Exact terms are still confidential until September.
Volkswagen Group of America has come to an “agreement in principle” with its dealer body about reimbursing them over the diesel emissions scandal. Though the exact terms haven’t been announced, Volkswagen says it has agreed to “make cash payments” and give other benefits to dealers whose franchise values have been hurt by the scandal.
A group of Volkswagen dealers first filed suit against the automaker in April, and in July dealers told reporters that a senior executive had promised “fair restitution” for any lost sales or revenue.
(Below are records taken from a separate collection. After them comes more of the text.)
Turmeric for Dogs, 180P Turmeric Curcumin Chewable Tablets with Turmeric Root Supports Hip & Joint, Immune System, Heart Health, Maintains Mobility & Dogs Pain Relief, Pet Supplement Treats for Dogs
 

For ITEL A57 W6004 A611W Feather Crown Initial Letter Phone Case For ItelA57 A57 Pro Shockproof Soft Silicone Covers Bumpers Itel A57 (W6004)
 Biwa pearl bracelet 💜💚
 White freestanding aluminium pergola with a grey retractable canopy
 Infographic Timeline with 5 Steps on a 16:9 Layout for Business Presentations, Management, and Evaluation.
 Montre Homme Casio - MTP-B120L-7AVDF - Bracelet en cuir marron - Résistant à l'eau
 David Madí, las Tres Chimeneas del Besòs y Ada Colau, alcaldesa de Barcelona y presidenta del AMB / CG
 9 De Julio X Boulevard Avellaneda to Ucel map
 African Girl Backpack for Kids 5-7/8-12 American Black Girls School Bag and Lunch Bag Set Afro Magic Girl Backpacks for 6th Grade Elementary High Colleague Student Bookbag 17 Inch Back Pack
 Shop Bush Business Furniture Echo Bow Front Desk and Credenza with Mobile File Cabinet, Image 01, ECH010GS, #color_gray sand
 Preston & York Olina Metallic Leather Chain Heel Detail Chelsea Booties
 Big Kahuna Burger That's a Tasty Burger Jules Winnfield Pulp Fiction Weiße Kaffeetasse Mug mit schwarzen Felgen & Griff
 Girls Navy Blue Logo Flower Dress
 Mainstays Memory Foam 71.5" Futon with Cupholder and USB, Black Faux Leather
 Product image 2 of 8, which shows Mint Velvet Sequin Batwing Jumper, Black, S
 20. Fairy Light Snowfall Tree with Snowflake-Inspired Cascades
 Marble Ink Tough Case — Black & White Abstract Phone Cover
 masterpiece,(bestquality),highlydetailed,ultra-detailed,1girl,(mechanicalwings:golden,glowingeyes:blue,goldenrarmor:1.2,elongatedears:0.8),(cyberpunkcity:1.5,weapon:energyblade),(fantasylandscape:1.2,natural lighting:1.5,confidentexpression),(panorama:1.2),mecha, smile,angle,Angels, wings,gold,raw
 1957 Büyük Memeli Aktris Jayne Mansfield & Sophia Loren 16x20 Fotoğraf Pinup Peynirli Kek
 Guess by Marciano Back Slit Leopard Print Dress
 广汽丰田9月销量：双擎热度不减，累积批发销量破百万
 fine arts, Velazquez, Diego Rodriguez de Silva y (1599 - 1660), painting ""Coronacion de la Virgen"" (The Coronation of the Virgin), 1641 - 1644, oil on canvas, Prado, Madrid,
VW dealers were unable to sell certain TDI diesel models because they had an illegal “cheat” device intended to evade EPA emissions testing; negative publicity around the scandal may have also discouraged shoppers from buying other types of Volkswagen cars.
The agreement is still being finalized and exact details, if approved by the U.S. District Court for the Northern District of California, are expected be announced in September. VW says it is still determining, for instance, “how to apportion payments to dealers in the appropriate manner.”
“We believe this agreement in principle with Volkswagen dealers is a very important step in our commitment to making things right for all our stakeholders in the United States,” Hinrich J. Woebckn, chairmain of Volkswagen Group of America, said in a statement.
For owners of affected models with 2.0-liter turbodiesel engines, Volkswagen has already announced a plan to buy back cars and reimburse owners. Buying back the cars alone is expected to cost more than $10 billion, with a total of 475,000 Volkswagen and Audi models in the U.S. subject to the deal because their 2.0-liter TDI engines produce illegal amounts of nitrogen oxide (NOx) pollutants.